一つ目は、鵜野の父と叔父そして鵜野のボーイフレンドの助けを借りて作った、木造の家だ。この木造の家は、大工である鵜野の父が建て実際に鵜野や家族達が住む被災した家屋を元に、縮小して作られている。二つ目は、破壊された家の周りの風景、本作品のプランを鵜野が父と議論している様子、前述のチームメンバーで家を作っている過程、そしていずれ立ち去らなければ行けない家で楽しく過ごす鵜野の家族と5匹の飼い猫達の姿が記録されたビデオだ。
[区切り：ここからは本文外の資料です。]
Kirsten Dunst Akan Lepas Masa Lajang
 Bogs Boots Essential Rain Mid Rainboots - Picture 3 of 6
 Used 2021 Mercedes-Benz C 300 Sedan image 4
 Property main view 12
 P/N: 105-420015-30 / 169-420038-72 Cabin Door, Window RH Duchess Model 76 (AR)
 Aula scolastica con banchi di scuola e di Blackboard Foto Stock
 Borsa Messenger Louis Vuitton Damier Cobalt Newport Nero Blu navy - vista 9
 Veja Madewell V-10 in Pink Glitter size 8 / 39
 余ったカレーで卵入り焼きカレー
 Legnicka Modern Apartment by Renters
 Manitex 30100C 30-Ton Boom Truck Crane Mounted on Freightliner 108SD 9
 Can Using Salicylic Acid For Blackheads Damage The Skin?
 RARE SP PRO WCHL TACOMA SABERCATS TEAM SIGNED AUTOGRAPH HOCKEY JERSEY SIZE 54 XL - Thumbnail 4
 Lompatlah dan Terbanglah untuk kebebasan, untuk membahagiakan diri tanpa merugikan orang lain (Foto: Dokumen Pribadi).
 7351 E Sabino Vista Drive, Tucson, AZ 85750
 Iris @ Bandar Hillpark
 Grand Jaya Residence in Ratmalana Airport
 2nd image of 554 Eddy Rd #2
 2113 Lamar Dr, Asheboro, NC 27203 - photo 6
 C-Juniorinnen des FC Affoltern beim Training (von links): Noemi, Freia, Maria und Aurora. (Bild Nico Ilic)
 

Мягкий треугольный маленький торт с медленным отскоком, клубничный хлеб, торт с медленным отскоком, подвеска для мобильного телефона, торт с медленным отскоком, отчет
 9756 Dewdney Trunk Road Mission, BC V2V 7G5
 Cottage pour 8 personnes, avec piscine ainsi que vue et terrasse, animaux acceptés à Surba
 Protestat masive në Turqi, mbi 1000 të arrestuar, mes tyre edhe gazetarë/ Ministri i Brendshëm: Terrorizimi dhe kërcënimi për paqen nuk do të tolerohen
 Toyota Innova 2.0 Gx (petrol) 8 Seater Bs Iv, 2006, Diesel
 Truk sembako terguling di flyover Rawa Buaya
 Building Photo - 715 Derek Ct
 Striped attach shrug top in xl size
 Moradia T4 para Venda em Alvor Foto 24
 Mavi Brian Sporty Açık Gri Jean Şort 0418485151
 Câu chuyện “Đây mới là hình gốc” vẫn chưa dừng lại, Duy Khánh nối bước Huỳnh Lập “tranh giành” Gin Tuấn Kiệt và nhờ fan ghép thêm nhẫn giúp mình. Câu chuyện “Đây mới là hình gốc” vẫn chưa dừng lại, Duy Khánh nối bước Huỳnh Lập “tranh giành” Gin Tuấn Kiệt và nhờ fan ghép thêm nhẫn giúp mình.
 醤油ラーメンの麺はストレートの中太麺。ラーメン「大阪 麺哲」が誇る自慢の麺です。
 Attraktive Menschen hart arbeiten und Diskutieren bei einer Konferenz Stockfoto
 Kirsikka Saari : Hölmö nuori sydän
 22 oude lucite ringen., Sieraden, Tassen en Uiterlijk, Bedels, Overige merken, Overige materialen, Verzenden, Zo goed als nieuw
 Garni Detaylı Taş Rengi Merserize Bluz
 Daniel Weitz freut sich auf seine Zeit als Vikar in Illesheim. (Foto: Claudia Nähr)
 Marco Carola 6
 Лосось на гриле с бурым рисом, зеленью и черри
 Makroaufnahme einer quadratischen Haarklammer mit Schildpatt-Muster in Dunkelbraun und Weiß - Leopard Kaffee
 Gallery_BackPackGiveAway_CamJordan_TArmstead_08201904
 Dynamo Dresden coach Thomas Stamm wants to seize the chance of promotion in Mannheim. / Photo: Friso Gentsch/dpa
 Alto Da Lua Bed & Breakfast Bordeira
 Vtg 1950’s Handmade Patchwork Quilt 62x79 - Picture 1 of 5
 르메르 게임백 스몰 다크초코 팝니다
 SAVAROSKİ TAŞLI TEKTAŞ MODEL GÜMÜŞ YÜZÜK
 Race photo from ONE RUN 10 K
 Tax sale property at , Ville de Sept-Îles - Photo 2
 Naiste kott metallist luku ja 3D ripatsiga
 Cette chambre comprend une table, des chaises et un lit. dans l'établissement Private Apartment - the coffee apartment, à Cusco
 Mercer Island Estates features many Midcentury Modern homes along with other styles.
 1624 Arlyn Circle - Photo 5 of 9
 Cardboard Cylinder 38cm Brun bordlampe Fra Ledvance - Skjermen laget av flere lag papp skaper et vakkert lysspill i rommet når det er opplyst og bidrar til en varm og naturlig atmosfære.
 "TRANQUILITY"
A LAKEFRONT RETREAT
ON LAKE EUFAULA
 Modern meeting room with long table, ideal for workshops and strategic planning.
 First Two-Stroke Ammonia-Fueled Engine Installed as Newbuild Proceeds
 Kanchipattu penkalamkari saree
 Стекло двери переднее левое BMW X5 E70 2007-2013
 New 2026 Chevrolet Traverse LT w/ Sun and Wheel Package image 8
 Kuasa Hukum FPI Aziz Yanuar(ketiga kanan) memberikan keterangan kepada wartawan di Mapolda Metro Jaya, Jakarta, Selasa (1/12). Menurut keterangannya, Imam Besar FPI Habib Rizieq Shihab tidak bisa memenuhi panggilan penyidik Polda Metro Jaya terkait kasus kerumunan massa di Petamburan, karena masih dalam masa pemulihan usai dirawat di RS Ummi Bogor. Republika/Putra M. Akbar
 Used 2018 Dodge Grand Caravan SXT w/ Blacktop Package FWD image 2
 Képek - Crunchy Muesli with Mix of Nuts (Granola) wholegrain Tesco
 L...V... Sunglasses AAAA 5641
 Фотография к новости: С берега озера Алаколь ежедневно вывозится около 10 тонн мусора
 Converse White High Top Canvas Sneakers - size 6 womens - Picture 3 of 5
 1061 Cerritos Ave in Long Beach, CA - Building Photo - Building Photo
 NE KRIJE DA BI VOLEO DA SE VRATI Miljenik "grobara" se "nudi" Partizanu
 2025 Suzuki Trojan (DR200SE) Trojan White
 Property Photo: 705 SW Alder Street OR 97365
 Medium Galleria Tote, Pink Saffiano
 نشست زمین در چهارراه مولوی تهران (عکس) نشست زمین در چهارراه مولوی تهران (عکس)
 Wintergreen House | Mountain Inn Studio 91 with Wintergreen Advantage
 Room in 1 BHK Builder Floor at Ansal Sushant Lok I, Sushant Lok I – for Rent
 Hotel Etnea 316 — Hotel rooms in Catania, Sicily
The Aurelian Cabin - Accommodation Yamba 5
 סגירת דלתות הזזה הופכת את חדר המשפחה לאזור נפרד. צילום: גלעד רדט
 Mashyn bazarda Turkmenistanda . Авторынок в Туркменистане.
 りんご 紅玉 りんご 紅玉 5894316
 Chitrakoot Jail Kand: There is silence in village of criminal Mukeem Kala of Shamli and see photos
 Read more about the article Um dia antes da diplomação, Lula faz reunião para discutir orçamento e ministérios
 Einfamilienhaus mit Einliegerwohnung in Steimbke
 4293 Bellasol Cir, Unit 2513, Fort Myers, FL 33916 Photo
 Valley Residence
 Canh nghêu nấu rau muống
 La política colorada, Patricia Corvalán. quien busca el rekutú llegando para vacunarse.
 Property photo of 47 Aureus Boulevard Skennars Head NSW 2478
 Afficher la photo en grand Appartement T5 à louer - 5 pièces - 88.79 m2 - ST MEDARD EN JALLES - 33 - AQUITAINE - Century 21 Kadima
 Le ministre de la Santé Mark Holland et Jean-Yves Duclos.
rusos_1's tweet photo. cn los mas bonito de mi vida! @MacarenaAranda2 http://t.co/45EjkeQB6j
作品の家の中にはテーブルとランプ、そして最近撮影された家族写真が置かれているのみである。家にしては小さいが、人が住むには充分な大きさがあり、彫刻作品とも建築作品ともとれる。ビデオには、被災した悲劇と、鵜野と家族とのやりとりの中に自然とある面白さ(特に彼女が作品プランを父に説明し、父が驚いているシーン)が対比され交互に映し出されている。
鵜野の作品は、アートが悲劇に対して強く美しく、そして面白く対応する力があることを見せてくれた。